To build her argument, Jaffe points to a line Sen. Cruz said on the Senate floor back in June:
“We need to be developing right now a clear, practical plan to go in, locate the weapons, secure or destroy them, and then get out. The United States should be firmly in the lead to make sure the job is done right,” Cruz said.
That is not what President Obama is proposing. Obama has called for a “limited,” or in the words of John Kerry “unbelievably small”, military strike with the intention of “punishing” Syrian strong-man Bashar Assad to deter him from using chemical weapons again. Obama’s planned strike would try to “degrade” Assad’s ability to use chemical weapons in the future.
If Obama’s strike were executed, the Syrian regime would still possess stockpiles of chemical weapons. They would still be vulnerable to seizure by the al-Qaeda-backed terrorists who make up the bulk of Syrian rebels opposing Assad. Obama’s action could even weaken the Assad regime to the point that terrorists in the rebel forces had easier access to these weapons.
Cruz’s position on Syria has always been predicated on keeping these weapons out of the hands of terrorists. In an interview on the Sean Hannity show in late August, Cruz said:
With 9 major rebel groups, 7 of them may well have some significant ties to Al Qaida. If Assad is toppled and replaced by a radical Islamist regime, what would be truly dangerous for the United States, for our allies like Israel and Jordan, is for a radical Islamic government to seize control of those chemical weapons and to deploy them against us or our allies. That should be the focus of the President, and as we’ve seen throughout the Middle East that has not been the focus of the President.
[O]ur concern should be those chemical weapons, preventing them from falling into the hands of Hezbollah, preventing them from falling into the hands of Al Qaida, that should be guiding our actions, not expressing some moral outrage from a university facility lounge.

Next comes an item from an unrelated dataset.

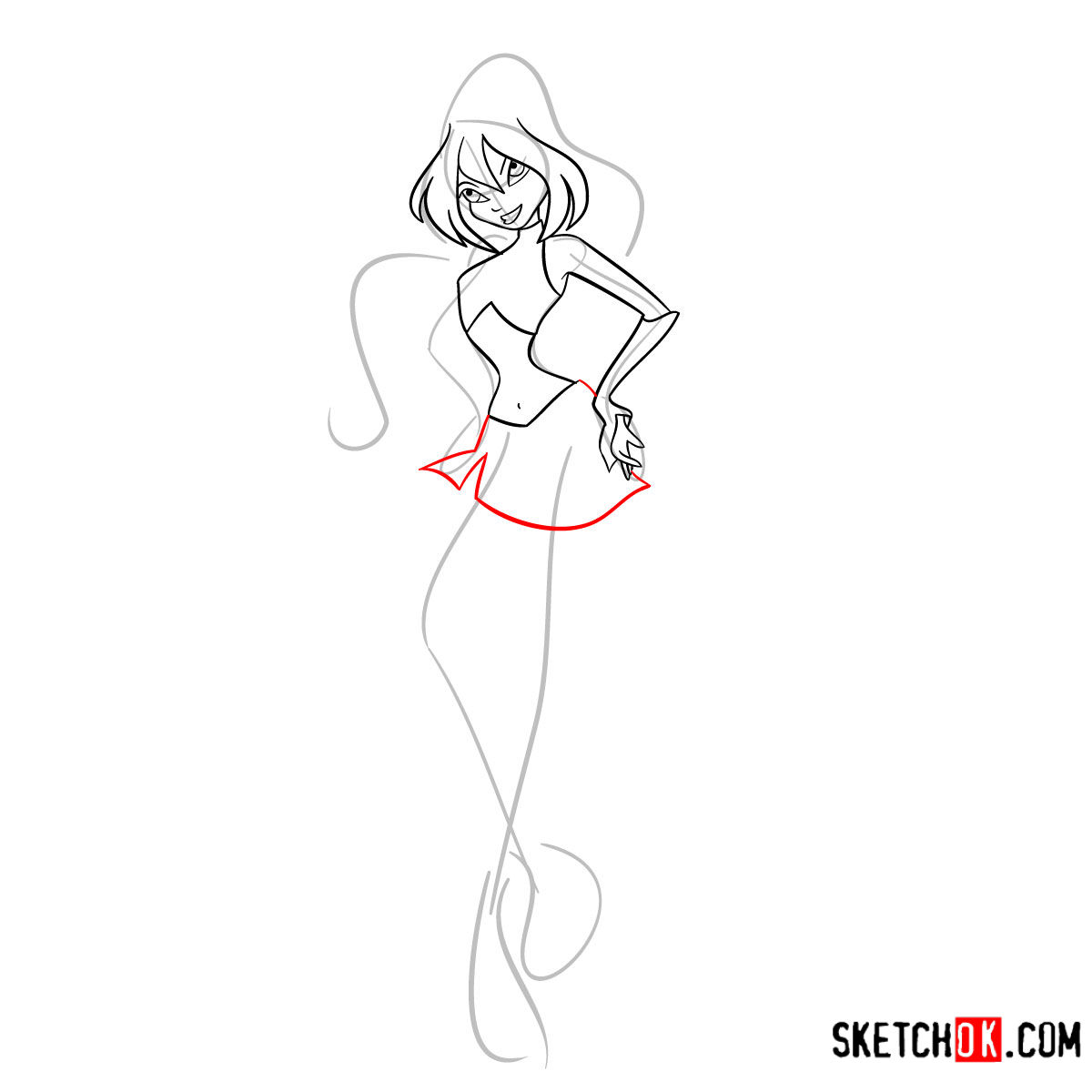 How to draw Bloom Charmix from Winx - step 08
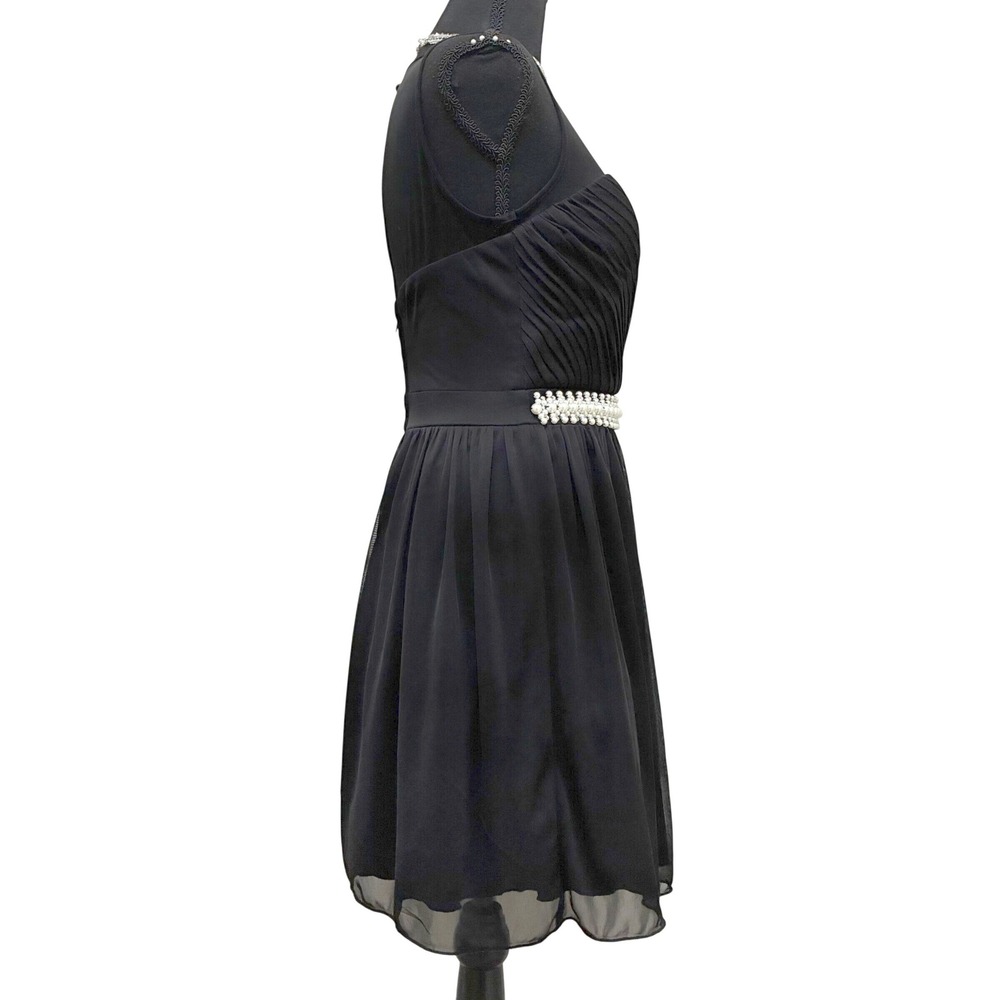 Speechless Mini Dress Black Mesh Pearl Waist Size 5 Cocktail Graduation Hoco - Picture 5 of 14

This week, in The Washington Post, Cruz spelled out a situation wherein he would support military action:
Should we in the future have intelligence that al-Qaeda or Hezbollah is on the verge of acquiring chemical weapons or that Iran is nearing a nuclear breakout, I would support aggressive military action to prevent them from acquiring those weapons because the alternative is unacceptable.
The Hill article would have been more correct if it had detailed Cruz’s consistency on Syria, notwithstanding the political calculus of a potential run for President in 2016. That story, however, would hardly be worth Jaffe hitting her keyboard. While Obama’s foreign policy lies tattered, more useful for her to parse the words of Republicans and pull things out of context.